На первый взгляд, объяснительная схема Грановеттера выглядит следующим образом: люди оказываются в локальных контекстах, где, участвуя в практиках солидаризации, формируют и поддерживают определенную конфигурацию связей. Затем эта топология социальных отношений становится предпосылкой солидарного коллективного (в определенном смысле – политического) действия. Действия создают отношения, отношения делают возможными действия. Образование «мостов» само становится мостом между рутинными практиками и политическими выступлениями:
«чувство сообщества» (sense of community) … активизируется на встречах и собраниях. Возможно, наиболее важным последствием таких встреч является поддержание слабых связей [Грановеттер 2009: 43].
Но на следующем этапе Грановеттер выносит все эти многочисленные локальные практики и события солидаризации за скобки. Его интересует исключительно конфигурация связей, которые теперь выступают в качестве независимой переменной (тогда как политическая мобилизация остается зависимой). В следующей главе – на примере поисков потерявшегося в Корсторфайне кота – мы увидим прямо противоположное решение этой теоретической дилеммы, предложенное исследователями-этнометодологами.

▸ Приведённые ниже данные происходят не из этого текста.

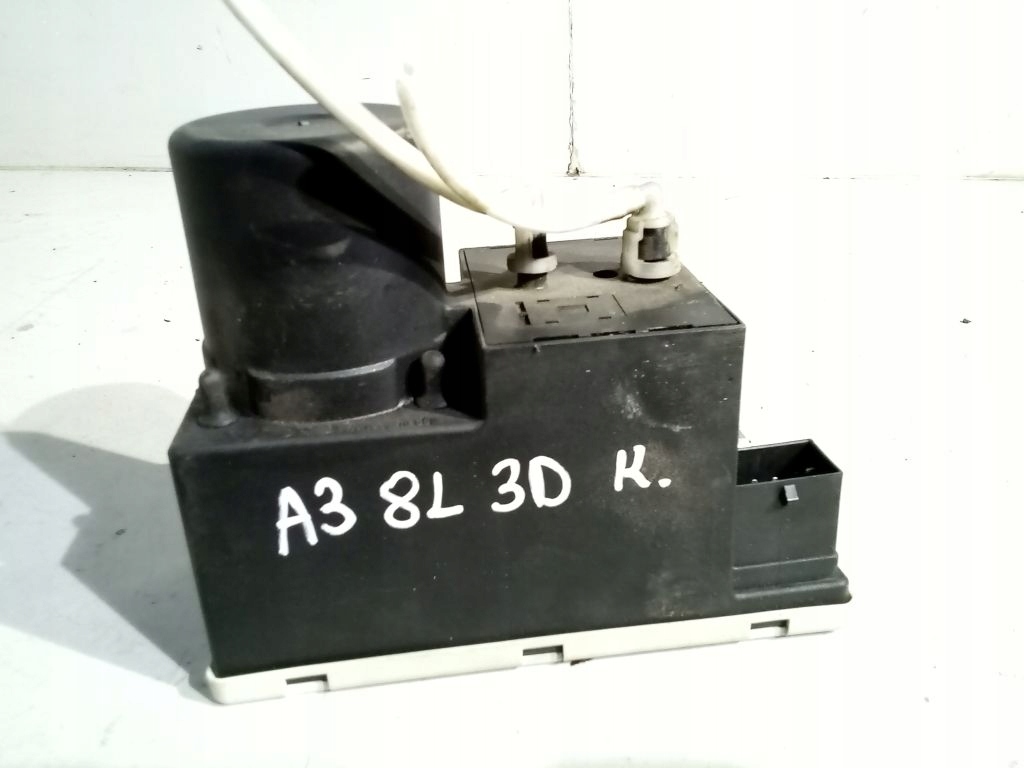 Audi A3 8L pumpa centralnog brave 8L0862257D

А пока рассмотрим третью стратегию ревитализации сообщества.
Сообщество судьбы: возвращение забытого концепта
Свет мигает каждый раз, когда бомба задевает кабель. Набившиеся в бомбоубежище люди стоят, затаив дыхание. Основной удар, судя по всему, пришелся по юго-западной части города. Города, в который я приехал учиться и в котором провел большую часть своей сознательной жизни. Города, с которым я связал свою судьбу. Города, которого больше нет. Мы переговариваемся вполголоса, обсуждая, куда падают бомбы, увидим ли мы снова своих соседей и друзей, какие здания уцелеют, успеют ли добровольческие дружины погасить городские пожары. По радио постоянно говорят о немецком народе как сообществе судьбы, но на эти разговоры уже никто не обращает внимания. Пространством общей судьбы для нас, запертых в душном бункере, стал наш распадающийся на части город. Еще никогда я не чувствовал такой связи с этими людьми, зданиями, площадями и улицами.
25
Приведу только один пример. В уже упомянутом исследовании «Механика Москвы» (МИСКП) обнаружилась любопытная нелинейная зависимость между социальным капиталом (числом сильных и слабых связей) и восприятием собственного района. Москвичи, которые не знают практически никого из своих соседей и ни с кем из них не поддерживают контактов, воспринимают свой район как небезопасный. При росте числа связей и контактов растет и чувство безопасности. Но только до какого-то момента. После прохождения порога – когда число связей «на районе» превышает определенную величину – территория проживания снова начинает восприниматься как небезопасная.